■ Instructions for the task:
Repeat only the lines between the one with "Environmental Science and Policy : 环境科学与政策" and the end of the material below, both ends included. Omit any picture.

■ Given data:
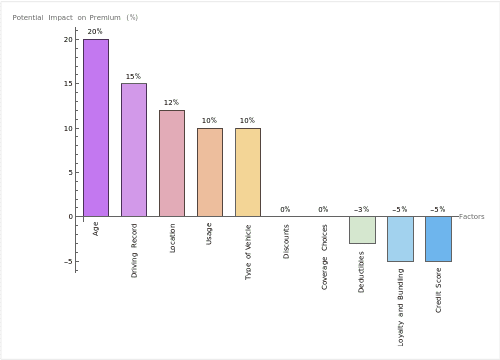 Auto Insurance Price Factors Chart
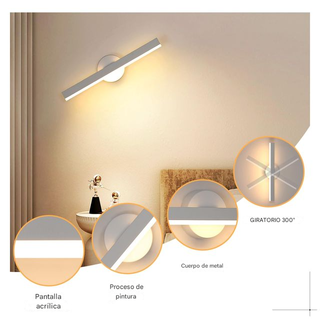 Lámpara LED Baño Rotativa Blanca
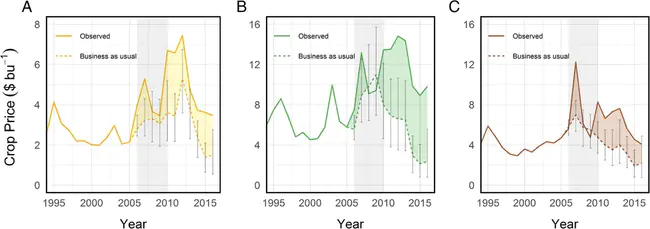 Environmental Science and Policy : 环境科学与政策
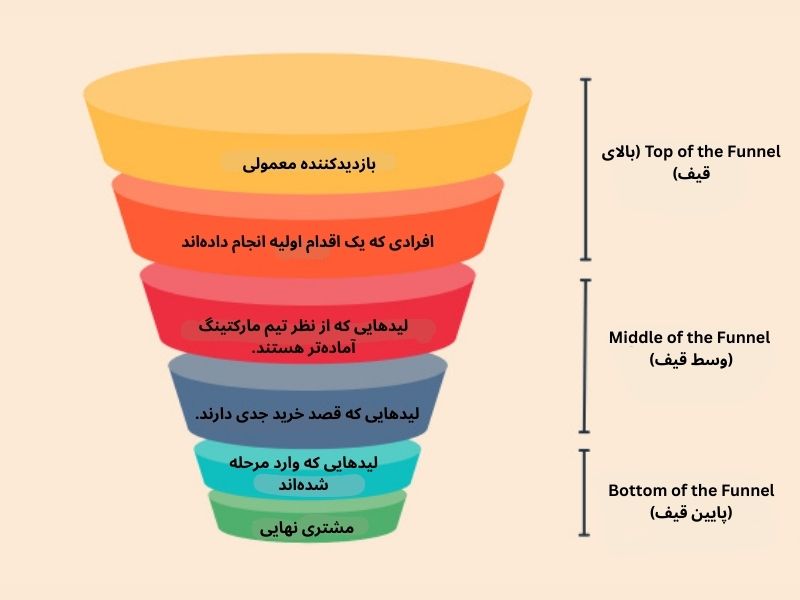 ساختار و مراحل قیف فروش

■ Result of the exercise:
 Environmental Science and Policy : 环境科学与政策
 ساختار و مراحل قیف فروش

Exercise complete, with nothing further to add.